Per Totò i caporali, in fondo, sono il potere, qualunque potere. C’è un fondo poeticamente anarchico nel Principe detentore, secondo una sentenza del Tribunale di Napoli del luglio 1945, dei titoli di altezza imperiale, cavaliere del Sacro Romano Impero, esarca di Ravenna, conte e duca di Drivasto e di Durazzo.

L’anarchia del clown o del cartone animato. E proprio essere un cartone animato era il maximum delle aspirazioni di Totò.

Lui era lieve, in effetti. La sua comicità, figlia della fatica di esibire un corpo spigoloso e degli spettacoli recitati con in prima fila i feriti di guerra, era sempre ispirata a una profonda, inusuale, leggerezza.

Totò ha sofferto, «ha fatto la guerra con la vita». Dalla nascita, figlio del grembo di una ragazza di 16 anni abbandonata dall’uomo, un marchese spiantato, che l’aveva messa incinta, ai primi anni in uno dei bassi del rione sanità. E poi le difficoltà scolastiche, il tentativo di fuga nel sacerdozio o nella marina. Fino alla scelta di farsi attore, con la sua faccia a punta e il suo corpo segaligno.

In Totò la sofferenza, la fatica, la malinconia si vedevano tutte, sempre. E questo rendeva la sua comicità, veloce ed esplosiva, ancora più particolare, ancora più inimitabile. La storia gli è caduta addosso, con il suo rumore fragoroso e i suoi ingombranti calcinacci. La guerra, la prima, quando era un adolescente, il fascismo, la dittatura, poi il secondo conflitto, quando era un uomo adulto. In mezzo la costruzione di una maschera tanto forte da diventare eterna, moderno Pulcinella, moderno Arlecchino.

Totò ha attraversato la storia raccontandola, ma senza schierarsi. Se non dalla pare degli uomini, sempre. Contro i caporali, sempre. Che fossero i gerarchi fascisti, tronfi e corrotti, che sbeffeggiava nei suoi spettacoli teatrali. Gentile riporta nel suo volume l’esilarante trascrizione della intercettazione telefonica di una conversazione su Totò, reo di aver preso per i fondelli l’introduzione del «voi» come obbligatorio. «Se tornasse Galileo Galivoi» aveva celiato l’attore, definito dal Duce: «Quel pagliaccio di Totò».

Ma Totò fu deluso anche dalla nuova democrazia che gli sembrava, nei comportamenti e nelle persone, non molto diversa dal tempo precedente.

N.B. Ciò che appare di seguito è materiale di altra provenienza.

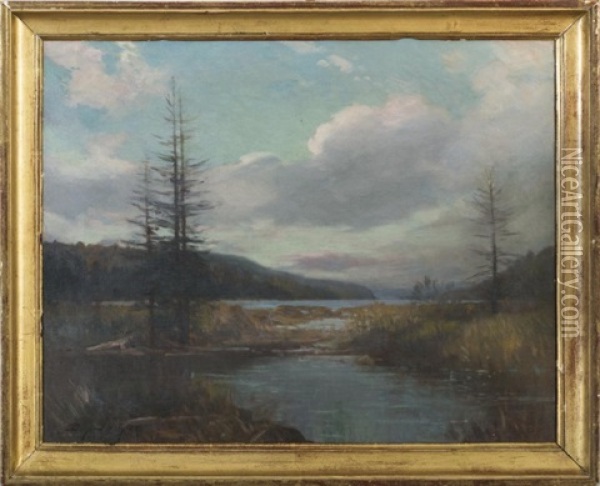 Autumn View Along The Hudson Oil Painting - Bayard Henry Tyler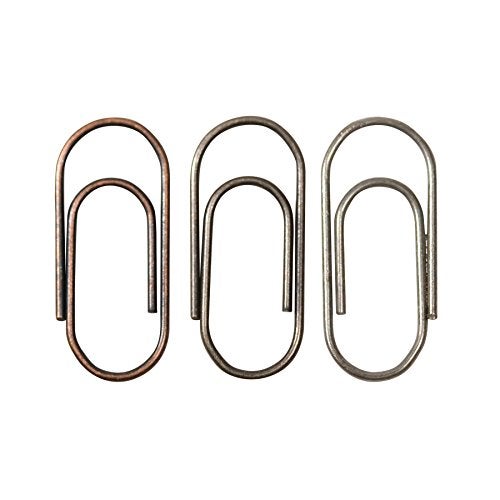 Advantus Metal Mini Paper Clips by Tim Holtz Ideaology 48 per Pack 58 Inch Antique Finishes TH92791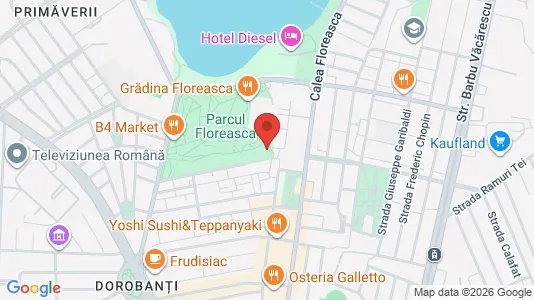 Apartments for rent i Bucharest - Sectorul 1 - kort over placeringen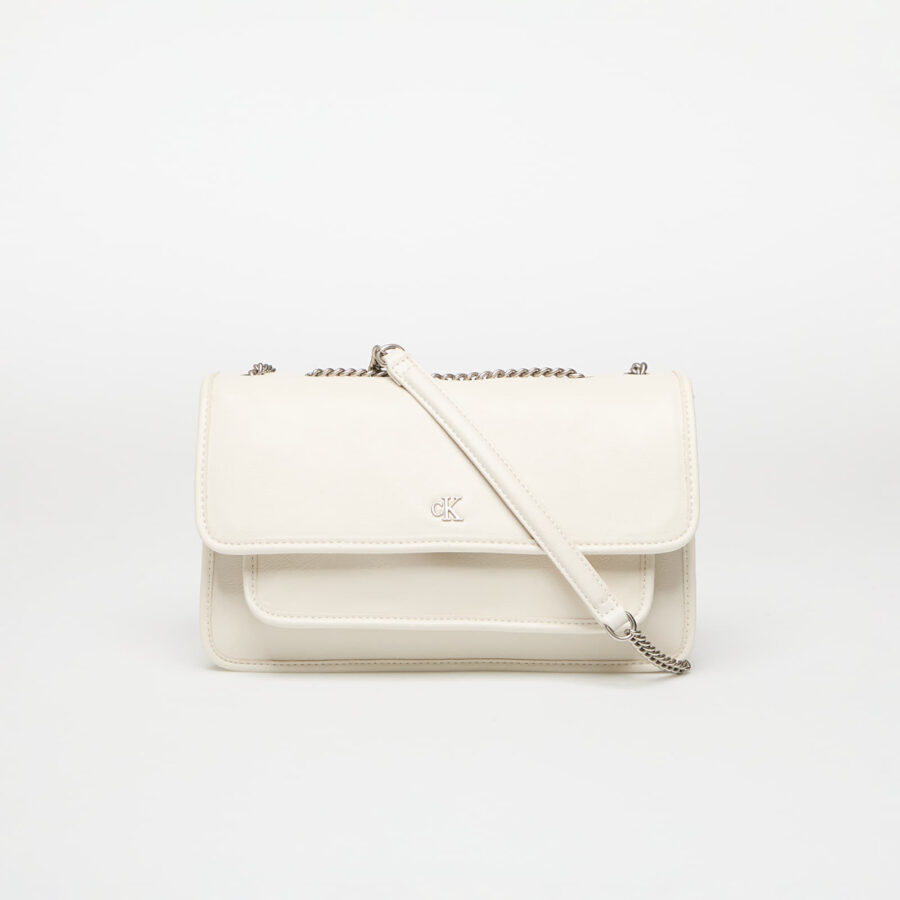 Calvin Klein Jeans Chain Ew Flap Conv Bag Beige Universal-alacsony-ár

Forse anche perché erano gli stessi «caporali» di prima, nell’Italia democristiana del dopoguerra, a censurare con dei vistosi segni rossi e blu i suoi testi teatrali.

L’onorevole Cosimo Trombetta, vittima dei lazzi di Totò nella mitica scena del Wagon Lit, è l’incarnazione del nuovo potere che a Totò non piaceva. Anche loro gli sembravano dei caporali.

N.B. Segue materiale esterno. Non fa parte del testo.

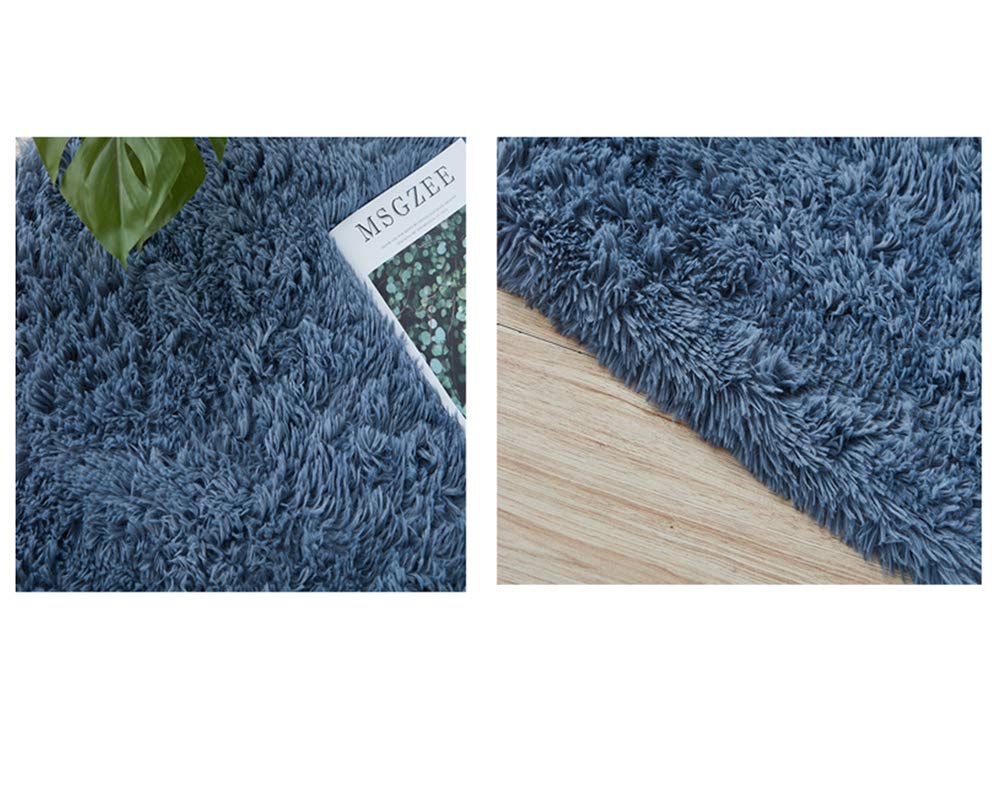 GUOCU Moelleux Tapis De Fourrure Artificielle Doux Tapis Antidérapant Tapis en Peluche, Tapis en Velours, Adapté À La Décoration De La Maison, Coussin De Canapé De Salon Tapis Chambre,Gris,200x300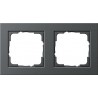Ramka podwójna Gira E2 antracytowy  GIRA E2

Totò disse una volta, in Totò e i re di Roma, di fronte ad un arrogante usciere che vantava di essere stato nominato cavaliere: «Un usciere l’hanno fatto cavaliere! Io sono quindici anni che ho fatto la domanda!.. Poi dice che uno si butta a sinistra!». Forse Totò avrebbe potuto. In fondo in tutta la sua carriera, come ricorda Emilio Gentile, non ha mai sfottuto un operaio, un bracciante. Ha sempre preferito, come bersaglio, i potenti, interpretati o dileggiati.

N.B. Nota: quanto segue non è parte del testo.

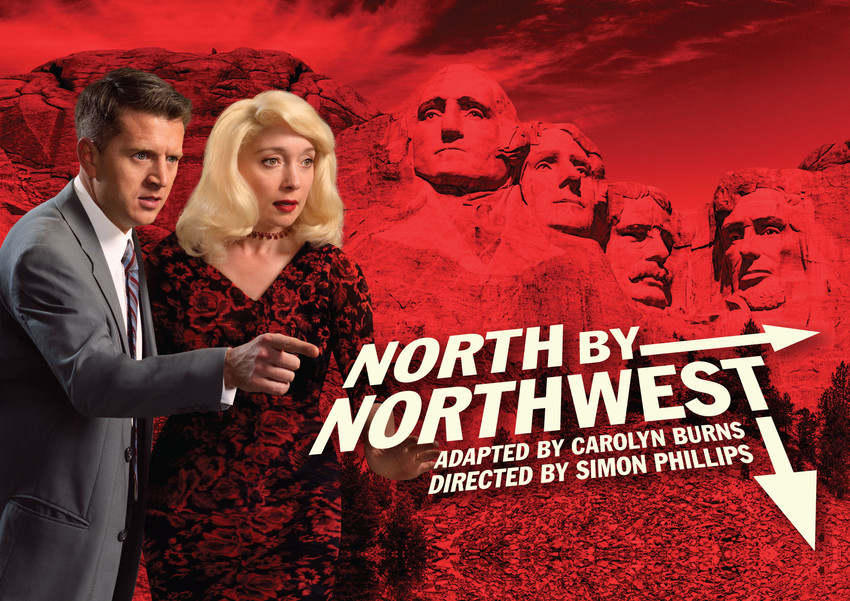 North by Northwest promo poster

Ma il Principe De Curtis a sinistra non poteva certo andare. Era conservatore, senza essere di destra. Era un moderato, uno che amava il buon ordine della società. Quello stesso che poi l’iconoclasta Totò metteva a soqquadro.

Pochi attori, come Totò, hanno raccontato la storia nazionale. La storia quando si mette scarpe e camicia, quando diventa vita pulsante, cuore e passioni di persone in carne ed ossa spesso strapazzate, umiliate, piegate o redente dalla storia con la esse maiuscola.

Il libro di Emilio Gentile è un omaggio affettuoso a un eroe dello stesso autore. Totò è stato spesso, in vita, vilipeso. Gli spettatori dei suoi film, tra il 1947 e il 1967, erano stati 250 milioni, con un incasso di 93 milioni dell’odierno euro. Il che, specie per certa critica col sopracciglio alzato, era un capo di accusa. Diceva una grande verità, Totò: «Questo è un bellissimo Paese in cui uno però ha da morire per essere compreso». Infatti, pochi anni dopo la sua scomparsa, nel 1967, aiutati dal bel lavoro saggistico di Goffredo Fofi, uomini e caporali riscoprirono il talento immenso di un uomo malinconico che sapeva far ridere.

Nell’Italia incerta del dopoguerra tra tanti critici che lo maltrattavano, compreso un genio come Ennio Flaiano, si stagliò la voce del poeta Aldo Palazzeschi: «Abbiamo attraversato ore di angoscia e di dolore, di umiliazione, privazioni e sofferenze fisiche d’ogni genere… Totò è il richiamo all’ordine della civiltà... Totò è apparso all’orizzonte del cinema come arcobaleno dopo il temporale».

Un poeta protagonista di 97 film: versatilità di un genio della scena

Nato Antonio Vincenzo Stefano Clemente, e diventato — dopo l’adozione da parte del marchese de Curtis — Antonio Griffo Focas Flavio Angelo Ducas Comneno Porfirogenito Gagliardi de Curtis di Bisanzio (15 febbraio 1898 – 15 aprile 1967), Totò è stato insieme uno dei più grandi attori italiani del Novecento e una maschera che si è imposta nel costume e nella cultura, non soltanto popolare, italiana. Autore anche di testi teatrali e di poesie (celeberrima ’A livella), protagonista in teatro come tv, interpretò dal 1937 alla morte 97 film. Tra questi, Siamo uomini o caporali, diretto da Camillo Mastrocinque (regista anche de La banda degli onesti) e I soliti ignoti di Mario Monicelli. A fine carriera, memorabile il sodalizio con Pier Paolo Pasolini per Uccellacci e uccellini (1966) e due episodi in altrettanti film collettivi.